Work instructions =
Your task is to copy the lines from the line containing "Urządzone mieszkanie Środa" through the end of the listing below, both included, without any pictures.
(Data excerpt)
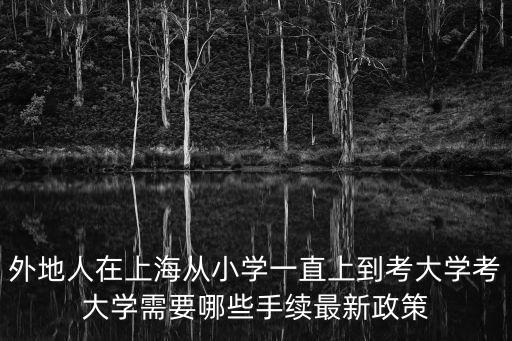 上海入滬最新政策查詢官網，上海出入境管理局官網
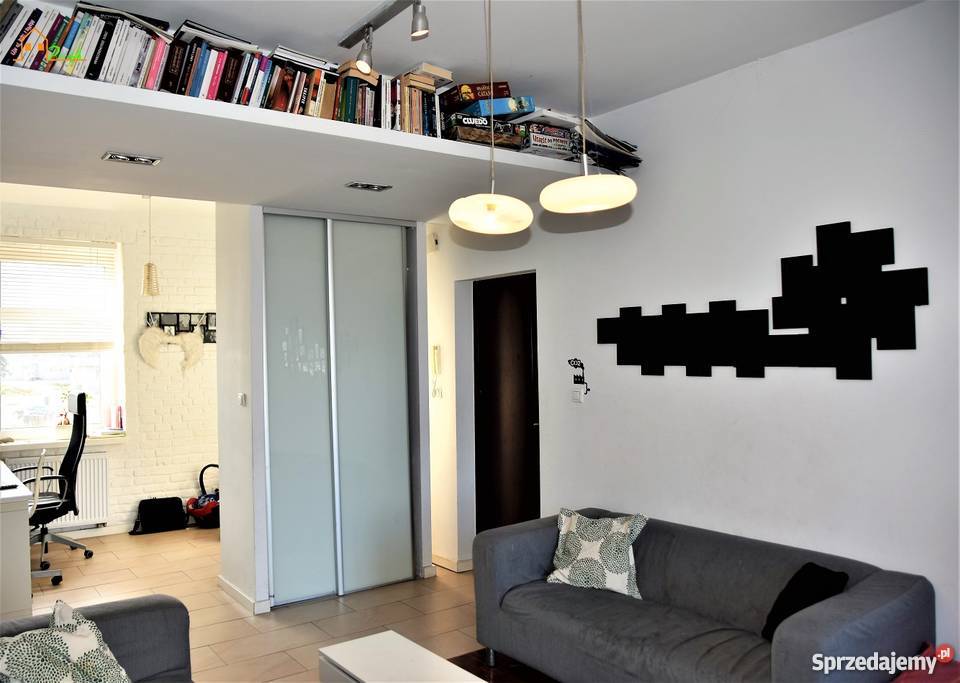 Urządzone mieszkanie Środa Wlkp Piętro 1 Środa Wielkopolska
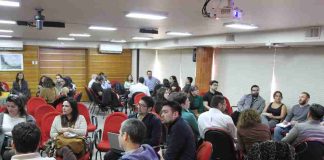 UTalca y Laboratorio de Gobierno capacitan a funcionarios públicos en ciencia de datos e innovación UTalca y Laboratorio de Gobierno capacitan a funcionarios públicos en ciencia de datos e innovación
(End Data excerpt)
Reply =
 Urządzone mieszkanie Środa Wlkp Piętro 1 Środa Wielkopolska
 UTalca y Laboratorio de Gobierno capacitan a funcionarios públicos en ciencia de datos e innovación UTalca y Laboratorio de Gobierno capacitan a funcionarios públicos en ciencia de datos e innovación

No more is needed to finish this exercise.